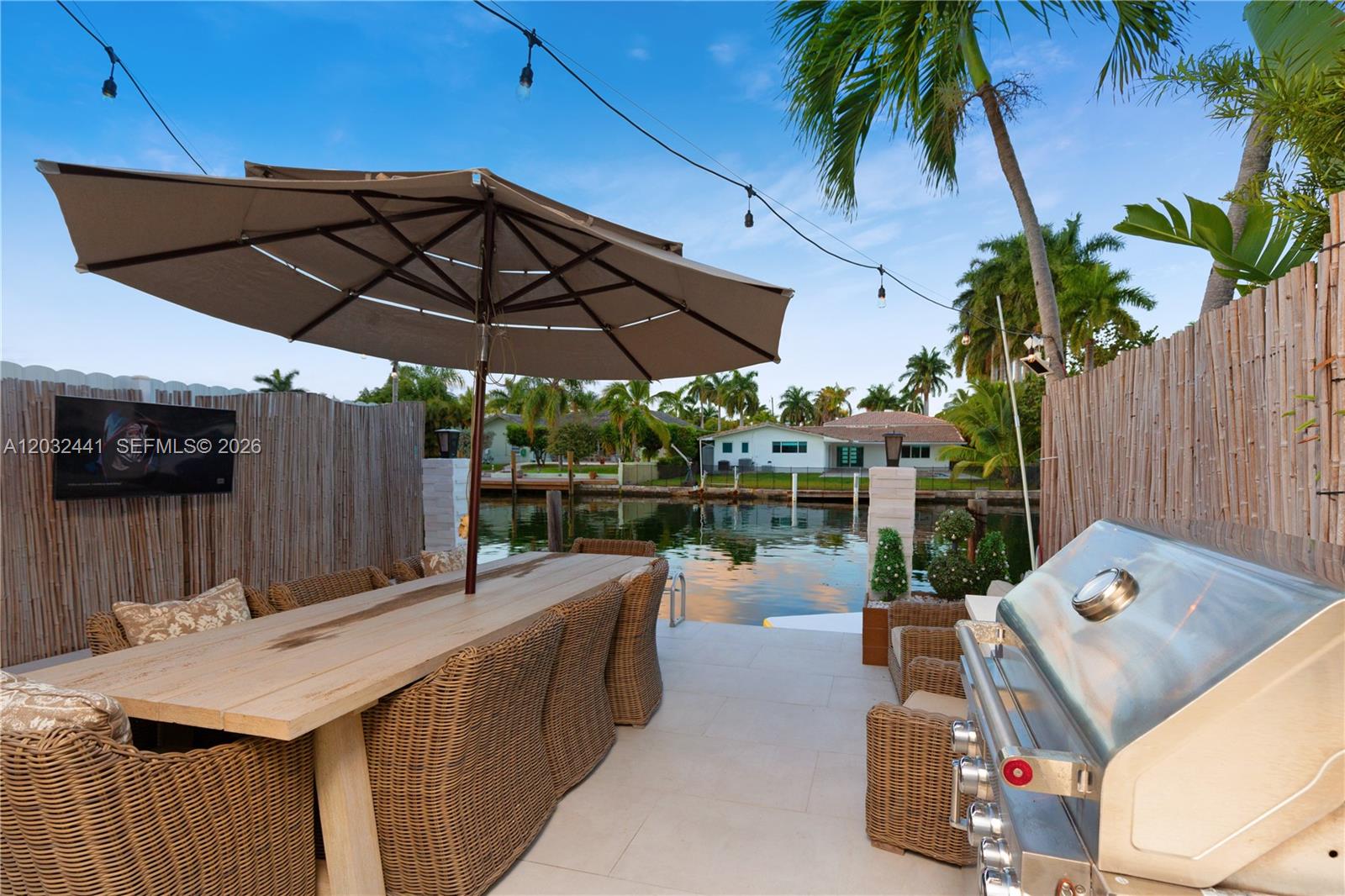 An outdoor patio features a dining table, umbrella, grill, and waterfront view — 2115 NE 123rd St, North Miami FL 33181, NORTH MIAMI, FL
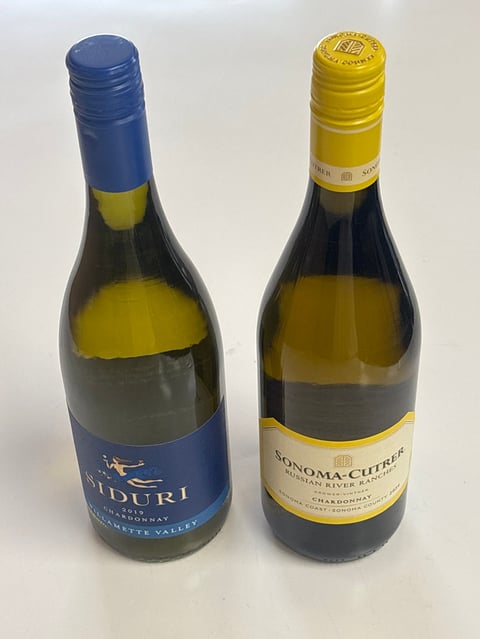 Two wine bottles side by side: left bottle with blue capsule and label, right bottle with yellow capsule and cream-colored label.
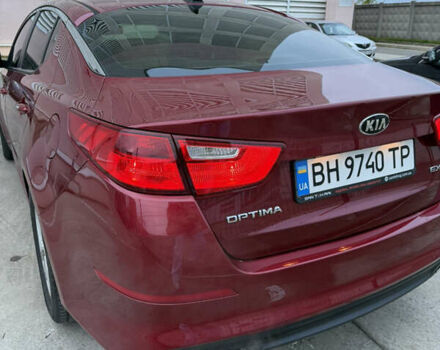 Красный Киа Оптима, объемом двигателя 2.4 л и пробегом 136 тыс. км за 9800 $, фото 18 на Automoto.ua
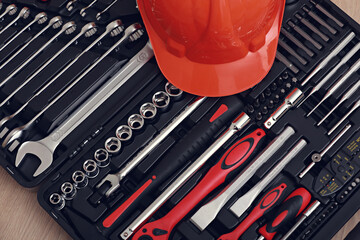 Toolbox, tools kit detail and orange protective helmet close up. instruments. set of tools. car tool kit. tool set background. instruments for repair.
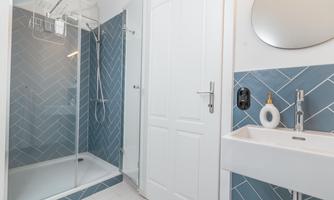 A modern bathroom with a shower and teal wall tiles. An elegant sink and a round mirror are also present.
------------------------
» BRIEF
Please return the records as they stand, word for word, with no pictures.

» TASK RESPONSE
 An outdoor patio features a dining table, umbrella, grill, and waterfront view — 2115 NE 123rd St, North Miami FL 33181, NORTH MIAMI, FL
 Two wine bottles side by side: left bottle with blue capsule and label, right bottle with yellow capsule and cream-colored label.
 Красный Киа Оптима, объемом двигателя 2.4 л и пробегом 136 тыс. км за 9800 $, фото 18 на Automoto.ua
 Toolbox, tools kit detail and orange protective helmet close up. instruments. set of tools. car tool kit. tool set background. instruments for repair.
 A modern bathroom with a shower and teal wall tiles. An elegant sink and a round mirror are also present.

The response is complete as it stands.